[Opening Supplied material section]
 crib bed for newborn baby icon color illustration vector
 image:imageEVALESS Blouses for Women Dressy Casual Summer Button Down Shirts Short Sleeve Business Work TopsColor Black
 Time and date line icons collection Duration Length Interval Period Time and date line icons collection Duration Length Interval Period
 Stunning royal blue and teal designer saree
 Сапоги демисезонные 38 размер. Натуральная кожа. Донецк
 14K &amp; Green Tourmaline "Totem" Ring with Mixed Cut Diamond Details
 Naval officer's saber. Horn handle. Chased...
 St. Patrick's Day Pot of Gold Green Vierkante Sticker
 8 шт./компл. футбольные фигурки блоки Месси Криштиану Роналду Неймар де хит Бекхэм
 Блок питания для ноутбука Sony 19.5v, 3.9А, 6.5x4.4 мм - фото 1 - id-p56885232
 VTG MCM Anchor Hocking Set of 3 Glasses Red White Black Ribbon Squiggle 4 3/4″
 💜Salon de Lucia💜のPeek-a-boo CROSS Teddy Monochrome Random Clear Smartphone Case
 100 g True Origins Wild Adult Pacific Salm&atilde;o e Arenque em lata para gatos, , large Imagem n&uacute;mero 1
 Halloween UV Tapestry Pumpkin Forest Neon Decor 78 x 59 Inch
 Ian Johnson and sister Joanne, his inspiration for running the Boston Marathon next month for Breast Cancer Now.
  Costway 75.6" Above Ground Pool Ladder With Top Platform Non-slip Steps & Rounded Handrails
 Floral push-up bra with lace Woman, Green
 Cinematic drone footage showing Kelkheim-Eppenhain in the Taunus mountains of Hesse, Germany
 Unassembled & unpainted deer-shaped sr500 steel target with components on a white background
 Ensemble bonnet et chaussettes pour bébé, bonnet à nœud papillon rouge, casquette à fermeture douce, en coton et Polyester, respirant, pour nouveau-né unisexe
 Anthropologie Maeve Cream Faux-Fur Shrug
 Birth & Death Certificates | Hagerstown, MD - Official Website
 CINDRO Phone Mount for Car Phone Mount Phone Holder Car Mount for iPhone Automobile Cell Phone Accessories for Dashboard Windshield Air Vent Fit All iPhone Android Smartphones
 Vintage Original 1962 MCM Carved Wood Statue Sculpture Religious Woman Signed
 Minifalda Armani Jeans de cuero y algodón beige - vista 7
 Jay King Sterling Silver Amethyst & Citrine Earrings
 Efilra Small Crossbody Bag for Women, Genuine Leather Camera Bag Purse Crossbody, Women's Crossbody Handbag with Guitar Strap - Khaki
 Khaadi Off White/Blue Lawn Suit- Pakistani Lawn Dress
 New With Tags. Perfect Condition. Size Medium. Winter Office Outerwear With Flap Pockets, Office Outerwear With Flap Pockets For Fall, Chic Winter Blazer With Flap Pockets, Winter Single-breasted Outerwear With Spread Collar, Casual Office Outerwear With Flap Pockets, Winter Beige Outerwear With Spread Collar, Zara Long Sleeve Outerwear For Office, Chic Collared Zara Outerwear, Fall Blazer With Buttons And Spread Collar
[Closing Supplied material section]
→ Task objective: Of the entries listed above, reproduce only the lines starting at the line containing "St. Patrick's Day" and ending at the line containing "Блок питания для". Include both, exactly as they stand.

→ Result:
 St. Patrick's Day Pot of Gold Green Vierkante Sticker
 8 шт./компл. футбольные фигурки блоки Месси Криштиану Роналду Неймар де хит Бекхэм
 Блок питания для ноутбука Sony 19.5v, 3.9А, 6.5x4.4 мм - фото 1 - id-p56885232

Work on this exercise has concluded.